Starting in fall 2005, public school core classes must be taught by "highly qualified" teachers. By federal definition, that means high school teachers must hold a college degree in the subjects they teach, demonstrate proficiency through experience, or pass a test that indicates an expert's grasp of their subject matter.
Trouble is, many rural Alaska schools have three or fewer teachers. Unless those schools can find "superteachers" who can demonstrate proficiency in multiple topics, Alaska will be out of compliance with federal law and in danger of losing federal education money.
The school in White Mountain, 63 miles east of Nome on the Iditarod Trail in western Alaska, has just 74 students, from kindergarten through high school. The school has two high school teachers and one middle school teacher certified in language arts, science and math - but not in history, civics, arts, geography or other core curricula.
"With a staff this small and a requirement to teach that many things, I don't know how they expect people to meet them," Haviland said.
Alaska education officials have been wrestling with the law for more than a year.
"Since January 2001, it's been basically driving the lives of everyone in the department," said Eric Madsen, state administrator for federal Title I funds, earmarked for schools serving students from low-income backgrounds.
Alaska receives $41 million in federal Title I money, part of $63 million in federal dollars for education.
The "No Child Left Behind" law comes with so many rules that two states, Nebraska and Vermont, have discussed opting out of the requirement, Madsen said. Alaska agrees with the intent of the law, but says it needs help in implementation.
No Child Left Behind was passed out of concern that the current education system has not worked equally well for all students - working least well for children who don't come from mainstream America. One of the assumptions of the law is that educators teaching outside their area of expertise may not have a command of the subject matter.

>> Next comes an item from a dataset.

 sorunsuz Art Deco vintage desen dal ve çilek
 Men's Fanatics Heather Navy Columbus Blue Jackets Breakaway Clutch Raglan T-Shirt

According to the federal government's No Child Left Behind Web site, the law gives states and school districts flexibility to find innovative ways to improve teacher quality, such as allowing experienced professionals the means to become teachers faster, allowing merit pay to encourage good teachers to stay in the profession, and authorizing bonuses to teachers in high-need subject areas such as math and science.
But the size and far-flung distribution of Alaska's schools does not lend itself to one-size-fits-all education reform.

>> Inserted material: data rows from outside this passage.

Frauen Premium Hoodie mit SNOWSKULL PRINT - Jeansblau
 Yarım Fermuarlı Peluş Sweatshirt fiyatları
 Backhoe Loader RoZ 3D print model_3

Of the state's 506 schools, 135 have fewer than 50 students. One hundred of Alaska's schools - 20 percent - have three or fewer teachers. Educators say it's unlikely they could meet the federal provisions as written.
"It's not impossible," Haviland said. "Improbable, yes."

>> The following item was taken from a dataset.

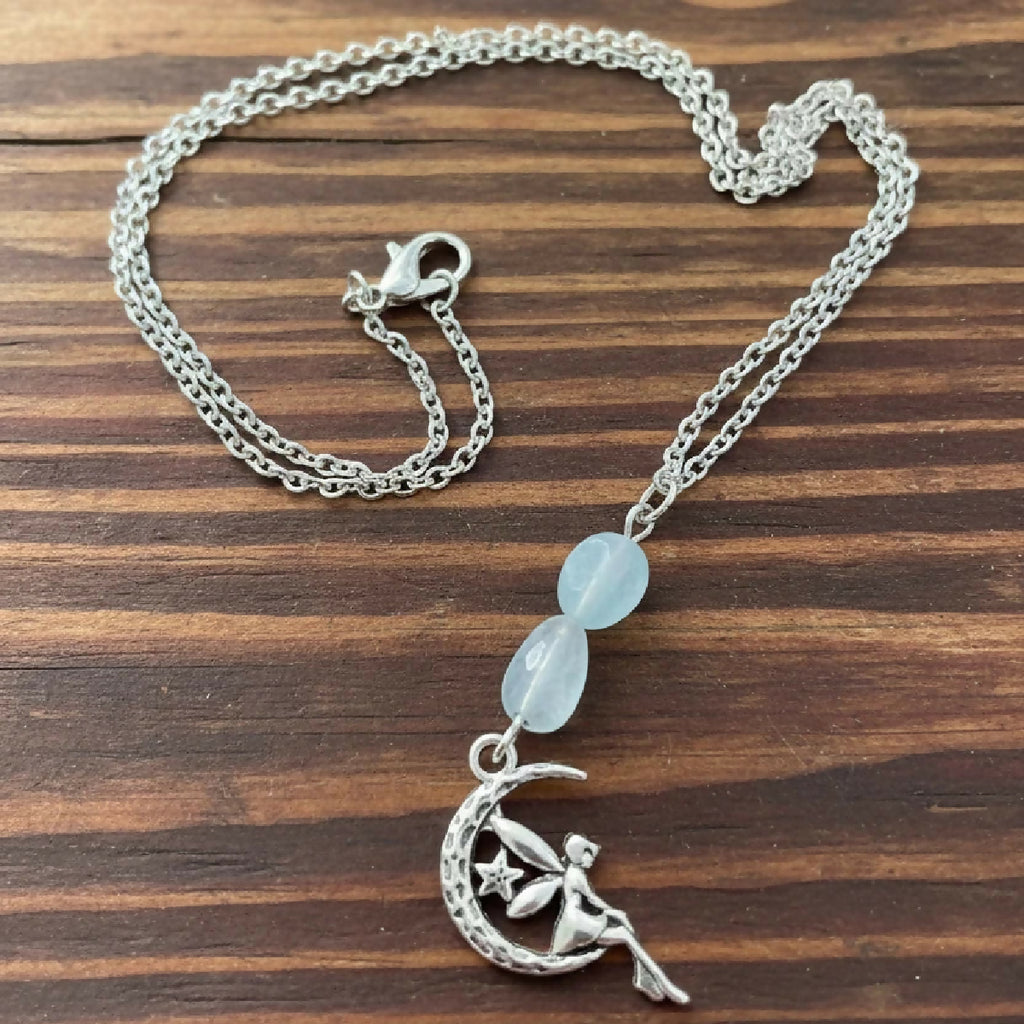 Stainless-Steel Crystal Moon Fairy Necklace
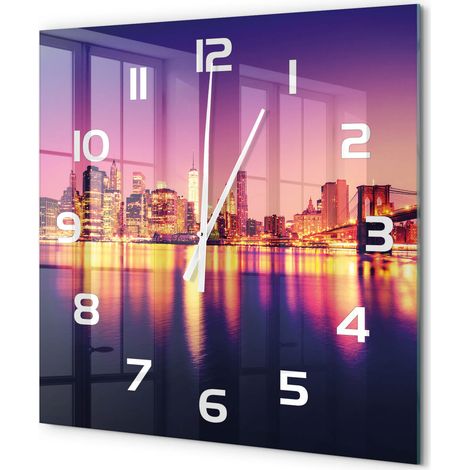 Grande Horloge Murale Carrée en Verre Chiffres Lisibles Silencieuse et Moderne Manhattan, New York 60x60 cm (1/5)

In discussions with their federal counterparts, state officials have suggested an exception to the rules about what makes a teacher "highly qualified." In schools with three or fewer teachers, the state wants to let staff teach some classes even if they have only an academic minor in the subject. The state would still require those teachers to have a major in the subject they spend most of their time teaching.
Even that would be an imperfect system. In a high school with four teachers, Madsen acknowledged, lining up teachers with complementary majors and minors to cover eight core subjects would be difficult.
"The fewer the teachers, the more complicated it becomes," he said.
Finding teachers who want to work in rural schools already is a challenge for entities such as the Bering Strait District, which oversees the school in White Mountain and 14 other villages.
Department of Education spokesman Harry Gamble said that for now, the department is telling districts to continue to hire the best, most highly qualified teachers they can find and to not fire anybody based on the federal rules.
Haviland has been principal at White Mountain for five years and in the Bering Strait District for 20. Holding a college degree in a subject does not automatically make a great teacher anyway, he said.
"It doesn't necessarily mean they can teach and reach the kids," he said.